** DIRECTIONS **
Only the lines from the start of the material through the line containing "supergut glp-1 booster" are to be extracted, exactly as they appear.

** DATA **
########################################
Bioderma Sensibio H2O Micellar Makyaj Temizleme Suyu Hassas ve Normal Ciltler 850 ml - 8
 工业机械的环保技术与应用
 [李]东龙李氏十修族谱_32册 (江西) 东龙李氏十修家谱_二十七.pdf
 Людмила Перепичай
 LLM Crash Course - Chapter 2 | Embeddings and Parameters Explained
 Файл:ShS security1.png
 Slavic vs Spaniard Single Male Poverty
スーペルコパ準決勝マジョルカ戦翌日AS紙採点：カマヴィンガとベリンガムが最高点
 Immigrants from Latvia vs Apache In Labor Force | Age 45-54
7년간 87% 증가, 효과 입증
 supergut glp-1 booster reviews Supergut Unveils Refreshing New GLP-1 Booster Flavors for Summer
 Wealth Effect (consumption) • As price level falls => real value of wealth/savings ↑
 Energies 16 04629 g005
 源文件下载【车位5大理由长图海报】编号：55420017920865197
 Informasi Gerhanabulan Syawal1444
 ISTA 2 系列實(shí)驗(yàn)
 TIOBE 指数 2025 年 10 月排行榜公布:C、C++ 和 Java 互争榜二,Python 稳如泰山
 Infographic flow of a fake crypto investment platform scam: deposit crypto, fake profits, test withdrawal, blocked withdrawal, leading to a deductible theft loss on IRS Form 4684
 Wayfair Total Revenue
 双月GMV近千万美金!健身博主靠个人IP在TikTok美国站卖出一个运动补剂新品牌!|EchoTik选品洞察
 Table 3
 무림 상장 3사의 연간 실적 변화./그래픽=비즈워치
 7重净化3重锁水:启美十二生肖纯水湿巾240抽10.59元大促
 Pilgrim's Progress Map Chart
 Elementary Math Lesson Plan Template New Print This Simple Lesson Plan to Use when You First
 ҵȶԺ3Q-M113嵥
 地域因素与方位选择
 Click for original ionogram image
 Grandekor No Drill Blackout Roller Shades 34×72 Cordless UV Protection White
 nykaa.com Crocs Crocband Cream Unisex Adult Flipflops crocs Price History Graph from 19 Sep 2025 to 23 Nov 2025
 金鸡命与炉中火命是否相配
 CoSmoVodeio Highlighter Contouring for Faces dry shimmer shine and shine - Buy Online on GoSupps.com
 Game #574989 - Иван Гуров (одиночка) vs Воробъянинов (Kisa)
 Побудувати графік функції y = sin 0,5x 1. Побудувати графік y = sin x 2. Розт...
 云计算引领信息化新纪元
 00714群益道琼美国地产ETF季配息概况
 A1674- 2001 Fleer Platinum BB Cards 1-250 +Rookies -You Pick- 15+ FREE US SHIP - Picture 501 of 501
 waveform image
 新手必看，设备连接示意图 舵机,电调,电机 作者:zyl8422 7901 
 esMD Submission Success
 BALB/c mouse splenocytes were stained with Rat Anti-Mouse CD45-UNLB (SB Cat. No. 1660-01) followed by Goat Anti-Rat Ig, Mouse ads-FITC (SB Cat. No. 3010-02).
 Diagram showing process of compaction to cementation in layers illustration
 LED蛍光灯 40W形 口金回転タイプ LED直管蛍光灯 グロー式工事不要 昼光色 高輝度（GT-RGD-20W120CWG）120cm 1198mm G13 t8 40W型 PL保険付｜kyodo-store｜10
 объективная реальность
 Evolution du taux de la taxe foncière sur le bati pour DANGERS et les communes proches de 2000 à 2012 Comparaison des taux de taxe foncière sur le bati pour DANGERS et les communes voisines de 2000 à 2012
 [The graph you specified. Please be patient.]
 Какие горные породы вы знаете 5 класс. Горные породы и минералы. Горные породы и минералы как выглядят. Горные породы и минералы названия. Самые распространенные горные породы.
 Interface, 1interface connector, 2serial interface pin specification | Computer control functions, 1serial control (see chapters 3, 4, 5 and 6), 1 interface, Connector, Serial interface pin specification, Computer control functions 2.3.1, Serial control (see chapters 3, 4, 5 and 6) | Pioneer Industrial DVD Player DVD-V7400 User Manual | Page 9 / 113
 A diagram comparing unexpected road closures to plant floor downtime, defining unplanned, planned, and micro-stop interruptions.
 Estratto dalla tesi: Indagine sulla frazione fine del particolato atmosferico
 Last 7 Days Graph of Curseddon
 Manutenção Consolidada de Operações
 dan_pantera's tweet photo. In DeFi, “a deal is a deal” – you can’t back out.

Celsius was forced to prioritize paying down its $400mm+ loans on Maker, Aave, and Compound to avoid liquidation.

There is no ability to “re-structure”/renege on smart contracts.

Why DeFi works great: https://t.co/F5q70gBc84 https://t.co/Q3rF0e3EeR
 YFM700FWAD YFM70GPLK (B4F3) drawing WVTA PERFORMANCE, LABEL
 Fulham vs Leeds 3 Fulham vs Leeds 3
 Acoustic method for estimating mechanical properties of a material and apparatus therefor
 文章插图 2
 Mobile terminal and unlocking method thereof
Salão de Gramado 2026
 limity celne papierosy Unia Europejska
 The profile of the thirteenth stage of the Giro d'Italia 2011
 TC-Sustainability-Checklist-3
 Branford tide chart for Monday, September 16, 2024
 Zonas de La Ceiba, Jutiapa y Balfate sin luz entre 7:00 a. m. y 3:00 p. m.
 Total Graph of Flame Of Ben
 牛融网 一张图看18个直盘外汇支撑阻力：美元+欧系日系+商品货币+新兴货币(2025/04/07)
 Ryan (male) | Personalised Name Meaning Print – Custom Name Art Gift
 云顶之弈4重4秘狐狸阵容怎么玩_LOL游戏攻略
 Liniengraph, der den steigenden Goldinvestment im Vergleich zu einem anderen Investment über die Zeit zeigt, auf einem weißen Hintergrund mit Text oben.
########################################
** SOLUTION FOR THIS EXERCISE **
Bioderma Sensibio H2O Micellar Makyaj Temizleme Suyu Hassas ve Normal Ciltler 850 ml - 8
 工业机械的环保技术与应用
 [李]东龙李氏十修族谱_32册 (江西) 东龙李氏十修家谱_二十七.pdf
 Людмила Перепичай
 LLM Crash Course - Chapter 2 | Embeddings and Parameters Explained
 Файл:ShS security1.png
 Slavic vs Spaniard Single Male Poverty
スーペルコパ準決勝マジョルカ戦翌日AS紙採点：カマヴィンガとベリンガムが最高点
 Immigrants from Latvia vs Apache In Labor Force | Age 45-54
7년간 87% 증가, 효과 입증
 supergut glp-1 booster reviews Supergut Unveils Refreshing New GLP-1 Booster Flavors for Summer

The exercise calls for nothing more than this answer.